Mademoiselle était allée au-devant de son père et s’était réjouie, dans son innocence, de le retrouver le même. Richelieu eut aussi l’impression que Monsieur n’avait pas changé. Il tint d’autant plus à l’avoir dès le lendemain à son château de Rueil, sous prétexte d’une fête ; et Monsieur ne repartit qu’après lui avoir « ouvert son cœur, » comme dans l’affaire Chalais. Tourné et retourné par ce terrible homme, le malheureux dénonça mère et amis, absens et présens, ceux qui avaient comploté la chute du premier ministre et ceux qui avaient essayé, d’après Gaston, de le faire assassiner tel jour, en tel lieu. « Non pas, rapporte Richelieu en ses Mémoires, que Monsieur contât ces choses de lui-même, mais le cardinal lui demandait s’il n’était pas vrai qu’on lui disait telles et telles choses, et il l’avouait ingénuement. » La fête de Rueil eut des suites funestes pour ses amis.

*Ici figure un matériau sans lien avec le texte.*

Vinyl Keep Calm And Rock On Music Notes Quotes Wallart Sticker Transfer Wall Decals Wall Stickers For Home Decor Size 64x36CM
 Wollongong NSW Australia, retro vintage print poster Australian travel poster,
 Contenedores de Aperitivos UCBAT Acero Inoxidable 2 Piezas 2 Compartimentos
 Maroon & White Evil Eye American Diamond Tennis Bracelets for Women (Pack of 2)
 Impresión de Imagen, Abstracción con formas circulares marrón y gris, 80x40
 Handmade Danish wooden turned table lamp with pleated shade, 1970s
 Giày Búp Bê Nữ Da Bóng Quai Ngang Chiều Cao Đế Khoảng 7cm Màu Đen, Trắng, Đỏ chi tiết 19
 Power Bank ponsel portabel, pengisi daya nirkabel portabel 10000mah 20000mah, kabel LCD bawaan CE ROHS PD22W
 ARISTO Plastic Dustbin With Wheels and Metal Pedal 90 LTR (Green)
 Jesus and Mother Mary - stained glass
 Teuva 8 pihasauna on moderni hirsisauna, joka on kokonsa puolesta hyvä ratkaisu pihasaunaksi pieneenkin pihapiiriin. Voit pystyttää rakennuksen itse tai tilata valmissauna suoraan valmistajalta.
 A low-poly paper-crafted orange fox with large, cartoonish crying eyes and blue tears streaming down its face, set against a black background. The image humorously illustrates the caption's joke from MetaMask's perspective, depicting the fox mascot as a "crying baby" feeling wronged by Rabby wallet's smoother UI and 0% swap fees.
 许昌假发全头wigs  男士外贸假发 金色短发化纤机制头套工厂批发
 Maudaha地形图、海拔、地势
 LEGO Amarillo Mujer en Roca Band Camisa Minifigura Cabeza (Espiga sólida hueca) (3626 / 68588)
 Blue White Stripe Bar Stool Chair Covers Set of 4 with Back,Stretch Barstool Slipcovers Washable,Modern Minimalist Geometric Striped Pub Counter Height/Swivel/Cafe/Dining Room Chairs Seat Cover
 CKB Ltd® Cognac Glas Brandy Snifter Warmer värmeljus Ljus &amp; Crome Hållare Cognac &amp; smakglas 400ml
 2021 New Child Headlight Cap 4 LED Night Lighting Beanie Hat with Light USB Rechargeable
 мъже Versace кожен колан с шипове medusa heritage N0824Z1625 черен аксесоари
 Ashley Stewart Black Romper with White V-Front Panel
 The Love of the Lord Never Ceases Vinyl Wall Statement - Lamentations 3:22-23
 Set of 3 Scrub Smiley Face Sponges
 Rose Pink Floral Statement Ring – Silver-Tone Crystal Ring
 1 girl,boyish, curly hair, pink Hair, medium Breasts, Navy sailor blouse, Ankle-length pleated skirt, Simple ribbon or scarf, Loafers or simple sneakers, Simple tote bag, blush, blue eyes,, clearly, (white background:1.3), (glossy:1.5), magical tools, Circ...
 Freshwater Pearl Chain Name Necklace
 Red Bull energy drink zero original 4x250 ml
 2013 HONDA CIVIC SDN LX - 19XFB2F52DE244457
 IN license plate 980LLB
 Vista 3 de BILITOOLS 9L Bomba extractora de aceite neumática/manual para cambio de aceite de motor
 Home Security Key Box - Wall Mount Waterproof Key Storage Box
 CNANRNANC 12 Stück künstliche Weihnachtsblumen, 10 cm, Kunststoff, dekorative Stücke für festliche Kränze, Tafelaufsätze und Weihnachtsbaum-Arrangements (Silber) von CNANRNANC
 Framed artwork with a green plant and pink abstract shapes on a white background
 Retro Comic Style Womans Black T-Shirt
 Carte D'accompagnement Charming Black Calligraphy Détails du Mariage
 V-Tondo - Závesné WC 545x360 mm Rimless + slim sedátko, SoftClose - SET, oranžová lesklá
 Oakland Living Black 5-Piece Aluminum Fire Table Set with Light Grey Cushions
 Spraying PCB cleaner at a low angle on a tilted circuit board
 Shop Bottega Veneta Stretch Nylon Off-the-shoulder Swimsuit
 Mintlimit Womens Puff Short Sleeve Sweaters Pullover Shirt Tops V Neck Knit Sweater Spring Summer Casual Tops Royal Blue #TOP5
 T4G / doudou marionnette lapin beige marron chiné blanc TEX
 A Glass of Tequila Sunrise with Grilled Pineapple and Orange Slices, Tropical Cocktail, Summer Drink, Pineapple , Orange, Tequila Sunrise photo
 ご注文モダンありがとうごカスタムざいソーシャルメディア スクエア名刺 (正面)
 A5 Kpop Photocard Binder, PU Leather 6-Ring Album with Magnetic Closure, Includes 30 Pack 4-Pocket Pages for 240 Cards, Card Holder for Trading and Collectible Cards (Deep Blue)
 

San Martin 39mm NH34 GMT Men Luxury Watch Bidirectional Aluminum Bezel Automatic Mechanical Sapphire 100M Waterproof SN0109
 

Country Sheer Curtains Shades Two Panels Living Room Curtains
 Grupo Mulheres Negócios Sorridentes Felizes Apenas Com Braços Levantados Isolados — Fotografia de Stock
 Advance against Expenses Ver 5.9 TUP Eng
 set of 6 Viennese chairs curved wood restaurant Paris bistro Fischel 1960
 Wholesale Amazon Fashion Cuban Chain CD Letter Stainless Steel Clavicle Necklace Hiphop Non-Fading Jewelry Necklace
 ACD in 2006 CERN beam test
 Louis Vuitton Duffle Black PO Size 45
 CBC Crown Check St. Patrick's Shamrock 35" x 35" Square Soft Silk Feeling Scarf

Monsieur s’était retiré à Blois, d’où il venait souvent à Paris. A chaque voyage, il ne manquait jamais de remplir à sa façon ses devoirs de père en venant jouer et bavarder avec Mademoiselle. Il s’amusait à lui faire chanter les chansons sur Richelieu. Il organisa pour elle un ballet d’enfans auquel la cour de France assista. Il se montra à sa fille dans toute sa gloire à l’occasion d’un autre ballet, dansé au Louvre le 18 février 1635 par le roi, la reine, et les principaux de leur suite. Cette dernière solennité laissa toutefois à Mademoiselle des souvenirs mélangés. L’un des plus fidèles compagnons d’exil de son père, le duc de Puylaurens, devait être du « ballet du roi. » Richelieu le fit arrêter au Louvre pendant une répétition. « Il fut conduit au bois de Vincennes, où il mourut prisonnier assez subitement[1]. » On donna son rôle à un autre, et Gaston n’en parut pas autrement préoccupé. La Gazette apprit au public que la fête avait admirablement réussi, « chacun remportant de ce lieu plein de merveilles la même idée que celle de Jacob, lequel n’ayant vu toute la nuit que des anges,

  1. Mémoires de Mademoiselle.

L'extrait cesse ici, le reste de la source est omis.